The researchers identified three forms of plagiarism: verbatim, or directly copying and pasting content; paraphrase, or rewording and restructuring content without citing the original source; and idea, or using the main idea from a text without proper attribution.

They constructed a pipeline for automated plagiarism detection and tested it against OpenAI’s GPT-2 because the language model’s training data is available online, allowing the researchers to compare generated texts to the eight million documents used to pre-train GPT-2.

The scientists used 210,000 generated texts to test for plagiarism in pre-trained language models and fine-tuned three language models to focus on scientific documents, scholarly articles related to Covid-19, and patent claims.

They found that the language models committed all three types of plagiarism, and that the larger the dataset and parameters used to train the model, the more often plagiarism occurred.

They also noted that fine-tuned language models reduced verbatim plagiarism but increased instances of paraphrase and idea plagiarism.

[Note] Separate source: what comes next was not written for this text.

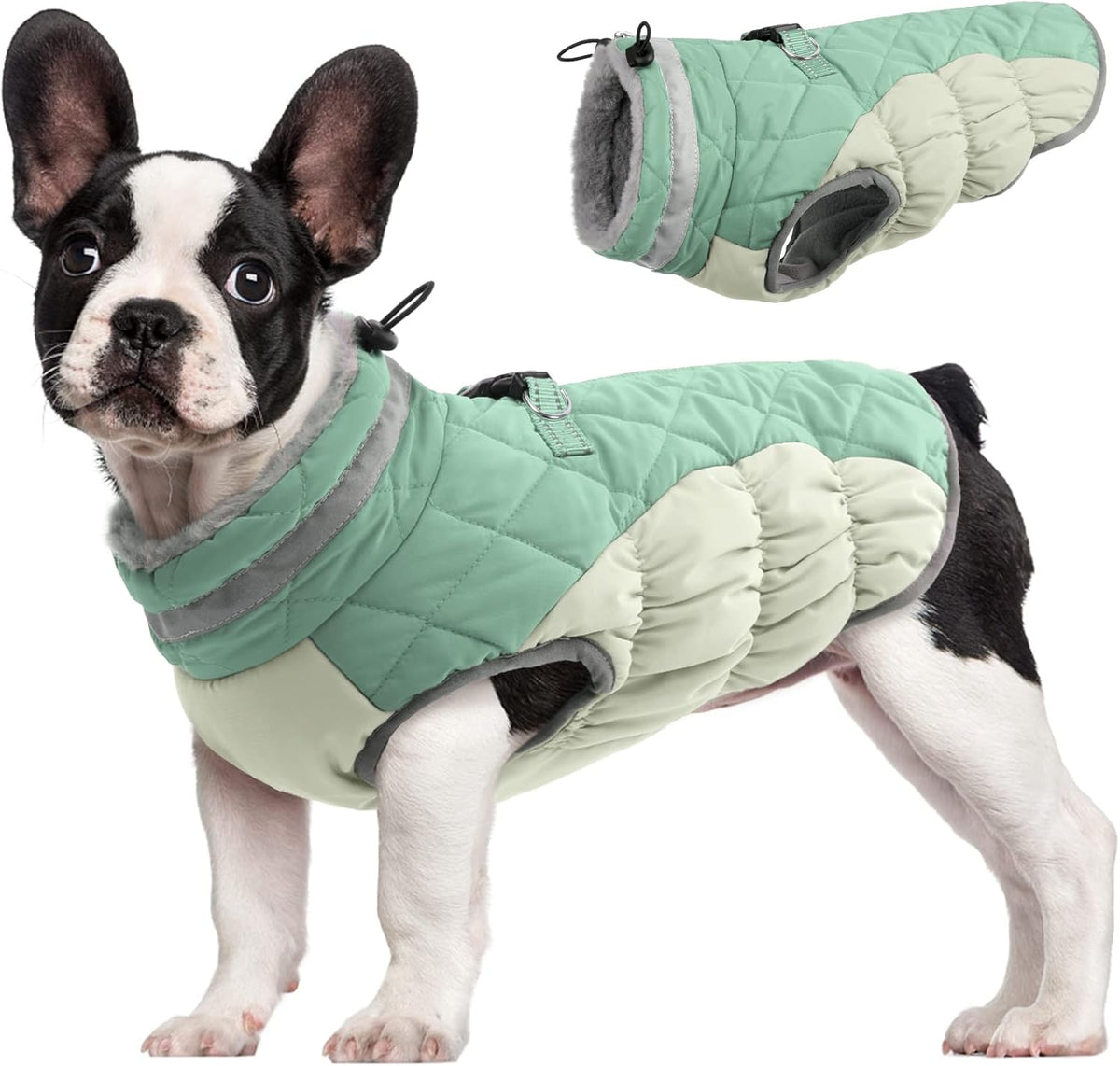 Chaqueta arnés de invierno SafeWalk – Impermeable con reflectantes y forro polar para perros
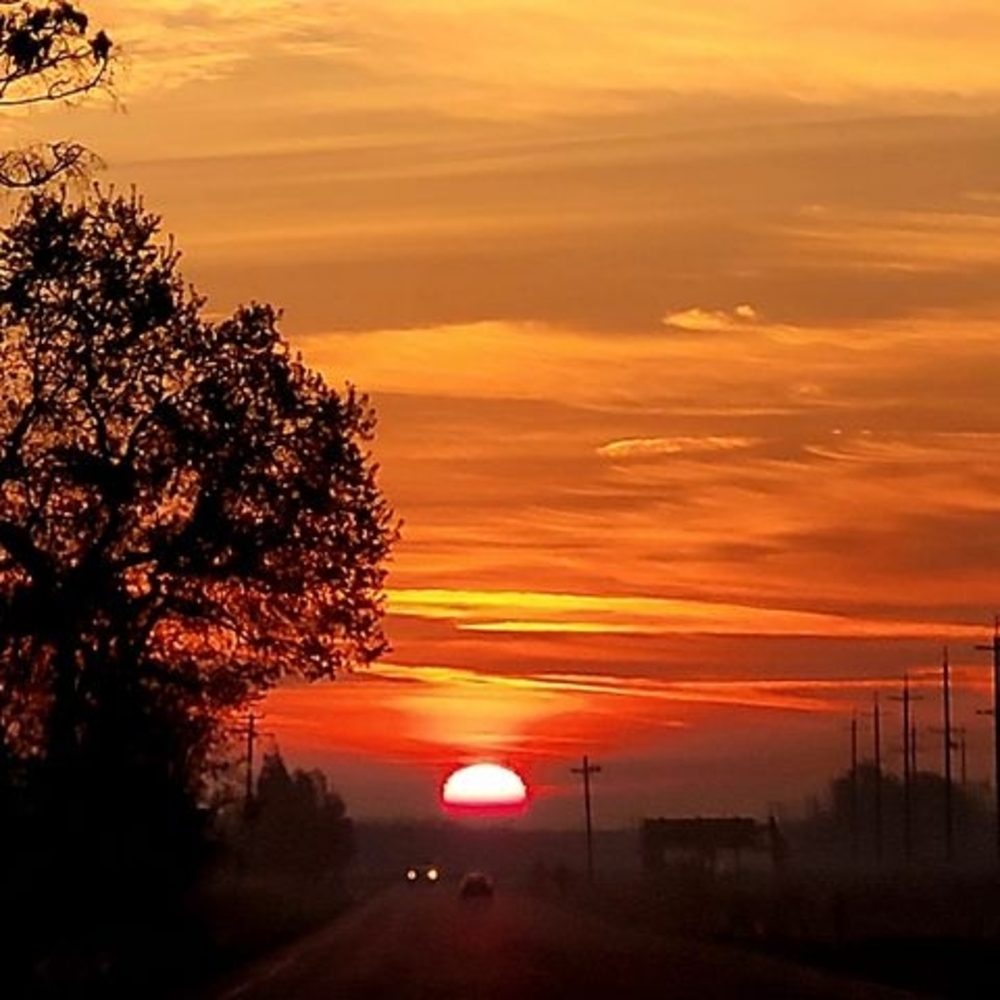 Meet your Posher, Jodi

“People pursue large language models because the larger the model gets, generation abilities increase,” said lead author Jooyoung Lee. “At the same time, they are jeopardising the originality and creativity of the content within the training corpus. This is an important finding.”

The study highlights the need for more research into text generators and the ethical and philosophical questions that they pose, according to the researchers.

“Even though the output may be appealing, and language models may be fun to use and seem productive for certain tasks, it doesn’t mean they are practical,” said Thai Le, assistant professor of information science at the University of Mississippi. “In practice, we need to take care of the ethical and copyright issues that text generators pose.”

Though the results of the study only apply to GPT-2, the automatic plagiarism detection process that the researchers established can be applied to newer language models like ChatGPT to determine if and how often these models plagiarise training content.

Testing for plagiarism, however, depends on the developers making the training data publicly accessible, said the researchers.

The current study can help AI researchers build more robust, reliable and responsible language models in future, according to the scientists. For now, they urge individuals to exercise caution when using text generators.

The plagiarism outcome is not something unexpected, added Dongwon Lee.

“We taught language models to mimic human writings without teaching them how not to plagiarise properly,” he said. “Now, it’s time to teach them to write more properly, and we have a long way to go.”